The presence of Superville, who supervises the AP's political desk on weeknights and Sundays, adds to a small but slowly growing group of black journalists assigned to the Obama White House for mainstream news organizations, covering the president or the first lady. Wendell Goler of Fox News Channel said he had not been told his current White House assignment will change; the New York Times has assigned Helene Cooper, the Washington Post Michael Fletcher and Politico.com will have Nia-Malika Henderson.
Superville has also chaired the Urban Journalism Workshop for the Washington Association of Black Journalists. She will be one of 11 on the AP's White House team, and the first black journalist to be there for the AP since Sonya Ross in the 1990s.
Holland, currently a labor reporter, will be one of the very few journalists of color ever to cover the high court for a mainstream news organization. He formerly covered Congress and was the first African American elected to the Standing Committee of Correspondents. Last year he wrote "Black Men Built the Capitol: Discovering African-American History in and Around Washington, D.C."
Other journalists of color with Washington bureau assignments are: Ricardo Alonso-Zaldivar, a reporter on the health policy, energy, environment team; Shawn Chen and Damiko Morris of the multimedia team and Michele Salcedo and Hope Yen, general assignment. Ross is regional news editor, directing Washington coverage for the 50 states.

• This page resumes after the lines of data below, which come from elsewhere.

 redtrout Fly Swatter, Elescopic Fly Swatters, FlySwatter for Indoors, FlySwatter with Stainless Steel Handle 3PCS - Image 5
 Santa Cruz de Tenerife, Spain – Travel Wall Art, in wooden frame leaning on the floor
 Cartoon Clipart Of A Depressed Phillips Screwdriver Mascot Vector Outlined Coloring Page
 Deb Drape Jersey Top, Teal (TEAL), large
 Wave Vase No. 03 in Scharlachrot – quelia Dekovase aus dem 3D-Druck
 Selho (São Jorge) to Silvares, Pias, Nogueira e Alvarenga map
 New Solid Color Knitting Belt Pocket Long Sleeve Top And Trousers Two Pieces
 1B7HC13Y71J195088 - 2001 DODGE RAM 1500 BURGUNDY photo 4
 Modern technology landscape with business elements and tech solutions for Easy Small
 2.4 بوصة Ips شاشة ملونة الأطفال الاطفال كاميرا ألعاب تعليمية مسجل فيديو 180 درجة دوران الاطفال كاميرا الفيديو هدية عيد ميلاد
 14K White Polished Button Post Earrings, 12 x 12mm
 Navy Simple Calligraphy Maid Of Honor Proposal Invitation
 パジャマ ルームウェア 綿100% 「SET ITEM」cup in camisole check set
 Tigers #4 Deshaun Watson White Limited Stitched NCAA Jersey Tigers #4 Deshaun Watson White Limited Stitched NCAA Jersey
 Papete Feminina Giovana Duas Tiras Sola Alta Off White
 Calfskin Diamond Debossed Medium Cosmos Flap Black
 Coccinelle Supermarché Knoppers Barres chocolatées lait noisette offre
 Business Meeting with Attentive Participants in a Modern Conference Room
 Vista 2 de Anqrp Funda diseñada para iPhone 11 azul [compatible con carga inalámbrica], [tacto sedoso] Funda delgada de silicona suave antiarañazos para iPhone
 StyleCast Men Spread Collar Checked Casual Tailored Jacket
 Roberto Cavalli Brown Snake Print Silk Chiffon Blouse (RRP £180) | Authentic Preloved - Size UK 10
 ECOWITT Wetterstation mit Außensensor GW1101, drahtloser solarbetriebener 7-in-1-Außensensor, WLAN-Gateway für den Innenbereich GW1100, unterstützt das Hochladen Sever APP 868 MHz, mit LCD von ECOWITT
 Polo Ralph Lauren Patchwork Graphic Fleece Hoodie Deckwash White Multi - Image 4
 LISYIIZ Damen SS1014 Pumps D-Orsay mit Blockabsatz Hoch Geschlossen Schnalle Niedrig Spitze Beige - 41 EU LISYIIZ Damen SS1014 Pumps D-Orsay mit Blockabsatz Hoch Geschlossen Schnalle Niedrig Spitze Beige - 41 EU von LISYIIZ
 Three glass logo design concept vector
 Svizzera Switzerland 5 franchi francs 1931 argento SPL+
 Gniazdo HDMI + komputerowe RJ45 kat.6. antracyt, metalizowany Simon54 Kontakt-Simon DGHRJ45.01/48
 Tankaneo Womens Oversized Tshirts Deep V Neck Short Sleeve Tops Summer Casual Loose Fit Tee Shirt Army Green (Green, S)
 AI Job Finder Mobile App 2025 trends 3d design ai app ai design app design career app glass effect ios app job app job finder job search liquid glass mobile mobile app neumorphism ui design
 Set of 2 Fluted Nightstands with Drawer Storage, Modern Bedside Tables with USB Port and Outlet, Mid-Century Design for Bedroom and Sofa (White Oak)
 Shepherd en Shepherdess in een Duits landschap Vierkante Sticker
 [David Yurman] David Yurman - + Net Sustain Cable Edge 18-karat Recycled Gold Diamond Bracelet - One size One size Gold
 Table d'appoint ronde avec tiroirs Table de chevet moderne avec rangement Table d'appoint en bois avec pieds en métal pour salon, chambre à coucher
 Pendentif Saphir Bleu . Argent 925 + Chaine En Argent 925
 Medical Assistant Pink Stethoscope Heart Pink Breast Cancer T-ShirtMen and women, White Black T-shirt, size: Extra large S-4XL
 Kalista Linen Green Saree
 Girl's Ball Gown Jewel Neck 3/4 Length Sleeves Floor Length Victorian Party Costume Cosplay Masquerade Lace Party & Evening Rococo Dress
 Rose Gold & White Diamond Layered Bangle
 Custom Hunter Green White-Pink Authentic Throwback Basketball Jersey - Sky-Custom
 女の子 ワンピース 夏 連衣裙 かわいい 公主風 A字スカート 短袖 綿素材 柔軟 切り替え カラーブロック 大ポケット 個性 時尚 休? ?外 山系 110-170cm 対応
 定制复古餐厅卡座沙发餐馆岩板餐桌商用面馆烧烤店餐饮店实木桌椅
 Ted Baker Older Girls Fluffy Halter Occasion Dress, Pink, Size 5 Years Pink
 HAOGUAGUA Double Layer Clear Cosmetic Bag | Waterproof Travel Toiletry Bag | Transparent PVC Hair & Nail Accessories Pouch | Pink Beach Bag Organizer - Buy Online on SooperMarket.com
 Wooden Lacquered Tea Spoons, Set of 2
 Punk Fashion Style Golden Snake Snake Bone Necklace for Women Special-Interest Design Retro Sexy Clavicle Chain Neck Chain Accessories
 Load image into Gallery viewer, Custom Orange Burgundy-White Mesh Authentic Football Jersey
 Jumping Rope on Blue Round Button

50 Leaving Cleveland Plain Dealer Newsroom
About 50 people are leaving the newsroom of the Plain Dealer in Cleveland, 24 who took buyouts and 27 who were laid off, reporter Harlan Spector, chairman of the Plain Dealer unit of the Newspaper Guild, said on Wednesday.
He confirmed that six of those laid off were journalists of color: Merlene Santiago, assistant features editor; Jennifer Gonzalez, education writer; Susan Ruiz Patton, assistant metro editor; Greg Richards and Charles Jones, sports copy editors; and Roadell Hickman, photographer.
In addition, the following people of color took a voluntary layoff: Denise Ritter, Sam Fulwood, Damian Guevara, Jesse Tinsley and April McClelland-Copeland, he confirmed.
Staffers said two non-union people in the newsroom took a different buyout package last month: Chia-Min Chen and Ron Rollins.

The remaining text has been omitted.